When you restate the records, do so word for word and omit any picture they contain.

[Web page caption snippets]
####################
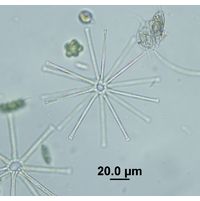 Asterionella formosa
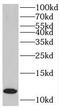 TGFB1-Induced Anti-Apoptotic Factor 1 antibody, FNab08686, FineTest, Western Blot image 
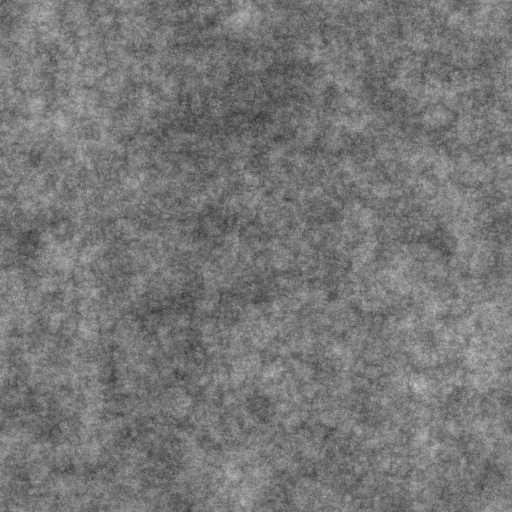 Bump Map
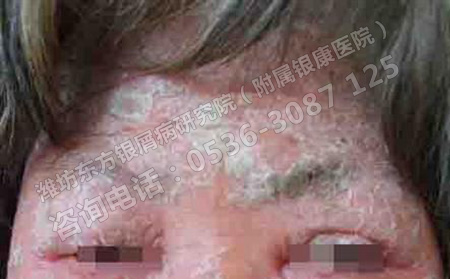 女性銀屑病患者在妊娠期要如何護理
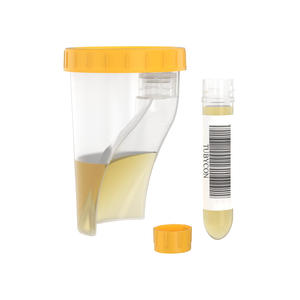 Gobelet à urine sans aiguille avec tube détachable, récipient à échantillons non stérile, conçu pour un transfert scellé, efficacité du flux de travail en laboratoire - Product Image 1
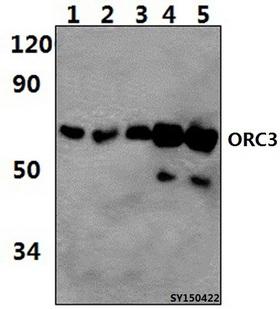 ORC3L / ORC3 Antibody - Western blot of ORC3 antibody at 1:1000 dilution. Lane 1: HEK293T whole cell lysate (56.7ug). Lane 2: HELA whole cell lysate (51.3ug). Lane 3: A549 whole cell lysate (57.6ug). Lane 4: H9C2 whole cell lysate (56.1ug). Lane 5: Raw264.7 whole cell lysate (51ug).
####################
## Answer to the exercise
 Asterionella formosa
 TGFB1-Induced Anti-Apoptotic Factor 1 antibody, FNab08686, FineTest, Western Blot image 
 Bump Map
 女性銀屑病患者在妊娠期要如何護理
 Gobelet à urine sans aiguille avec tube détachable, récipient à échantillons non stérile, conçu pour un transfert scellé, efficacité du flux de travail en laboratoire - Product Image 1
 ORC3L / ORC3 Antibody - Western blot of ORC3 antibody at 1:1000 dilution. Lane 1: HEK293T whole cell lysate (56.7ug). Lane 2: HELA whole cell lysate (51.3ug). Lane 3: A549 whole cell lysate (57.6ug). Lane 4: H9C2 whole cell lysate (56.1ug). Lane 5: Raw264.7 whole cell lysate (51ug).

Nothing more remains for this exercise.